Why would I want to buy it? For those new to the blog, I direct your attention to the posts in January and February of 2015. You may not have the time to read them all now, so I'l summarize what you'll find. I had read a couple of people's experiences with this substance, and how it seemed to improve their symptoms as well as showed promise of possibly slowing down the disease progression based on cellular studies and one small clinical trial for a related disease (ALS) where it successfully extended the patient's life indicating a slowing of progression in that disease. At the time, however, it still lacked any clinical trials for Parkinson's showing a significant number of people would be symptomatically helped by it or that it would indeed slow down the progression.

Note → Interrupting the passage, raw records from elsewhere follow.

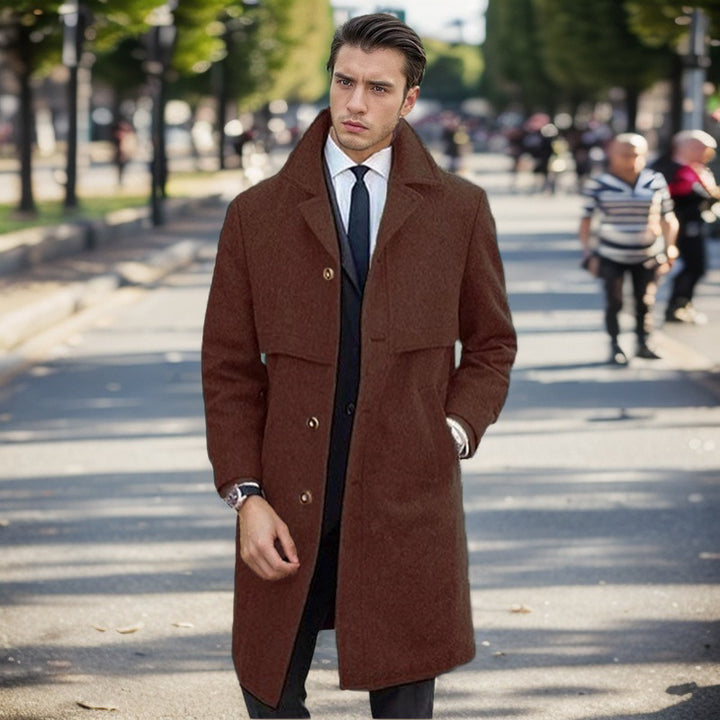 Elegant wool coat for men with double-breasted buttons and modern design Lune London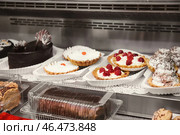 Холодильная витрина с вкусными десертами в супермаркете. Стоковое фото, фотограф Pixel_shot / Фотобанк Лори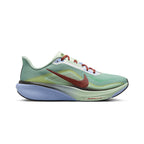NIKE MEN AIR ZOOM PEGASUS 42 SE - STEAM/UNIVERSITYRED/FROSTEDSPRUCE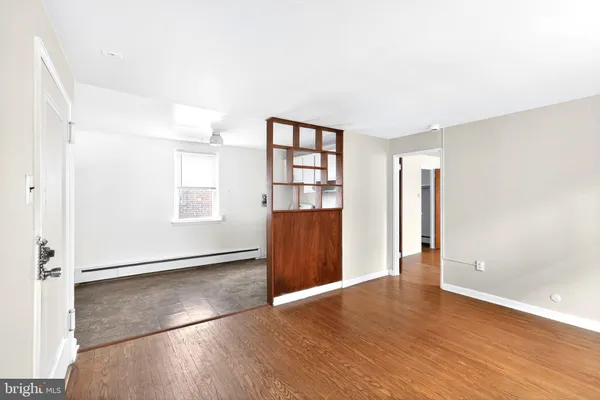$1,200 | 514 Seville Street, Unit 4, Philadelphia, PA 19128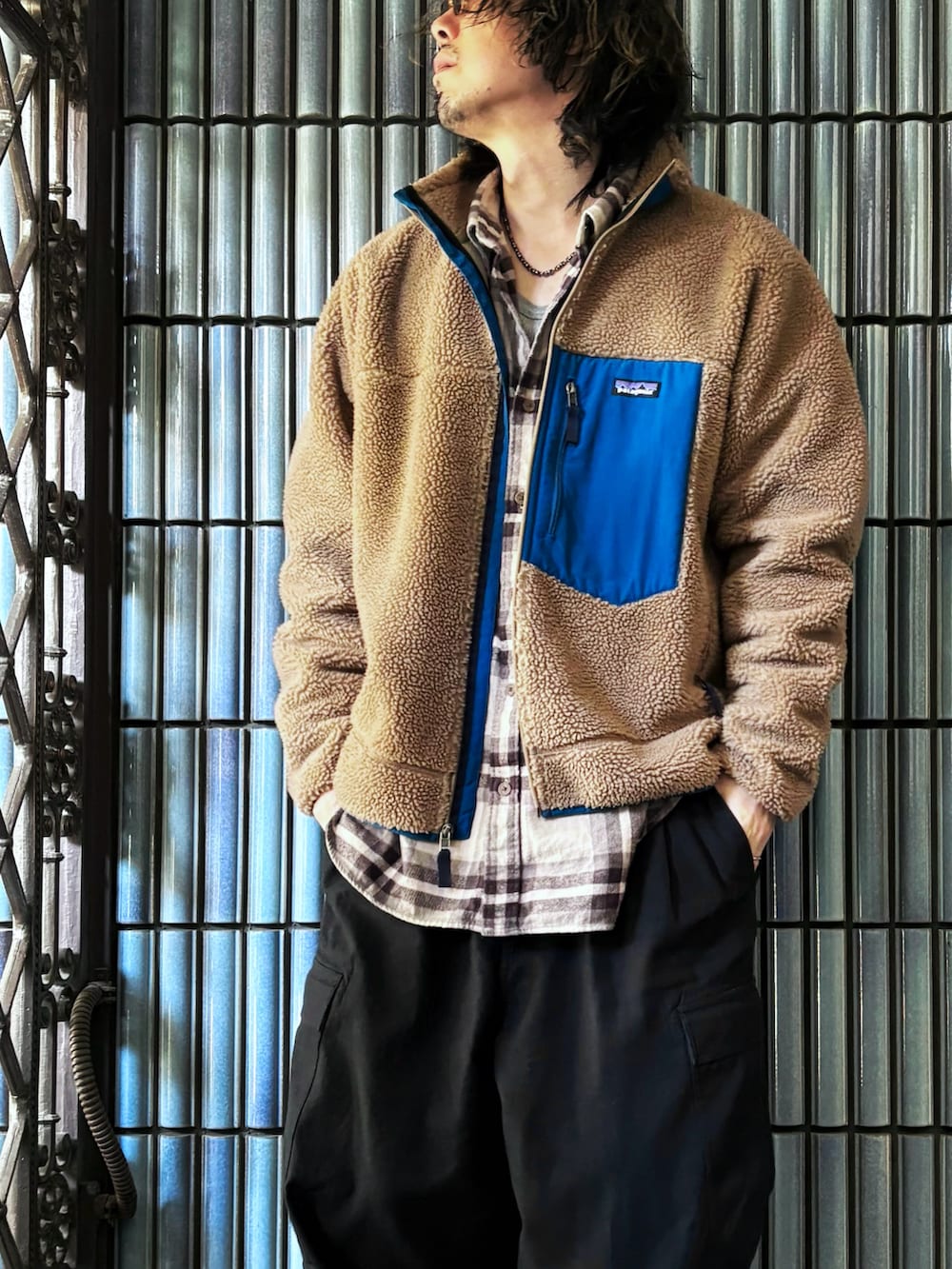 ブラック系のカーゴパンツ、グレー系のスニーカー、グレー系のシャツ/ブラウスを着用したメンズの冬コーディネートの2枚目の写真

With that, and studies showing the drug was safe for most people, I decided to verify for myself whether it would help me any. Low and behold, to my surprise, it did! I sincerely didn't think it would because I'd tried so many other things that claimed to help or "cure" PD only to get zero results from them, that I fully expected this to also fall into that camp. If you read through those posts, you'll see the significant improvements in symptoms that I was having at the time that I concluded was due to taking TUCDA.
Consequently, I continued to take them after the test was over, and I did so through 2015 and 2016. During that time period, my disease did progress (few expected it to actually stop the disease, just slow it down) but it was primarily due to getting off the drug Amantadine twice. Once at the end of 2015 in order to be part of a clinical trial on an extended release Amantadine, and then the end of the clinical trial in May of 2016. Both times I had to increase my dosage of levodopa to compensate for the worsening of symptoms: from 100 mg 3x/day to 200 mg 3x/day, and then to 200 mg 4x/day due to earlier off times.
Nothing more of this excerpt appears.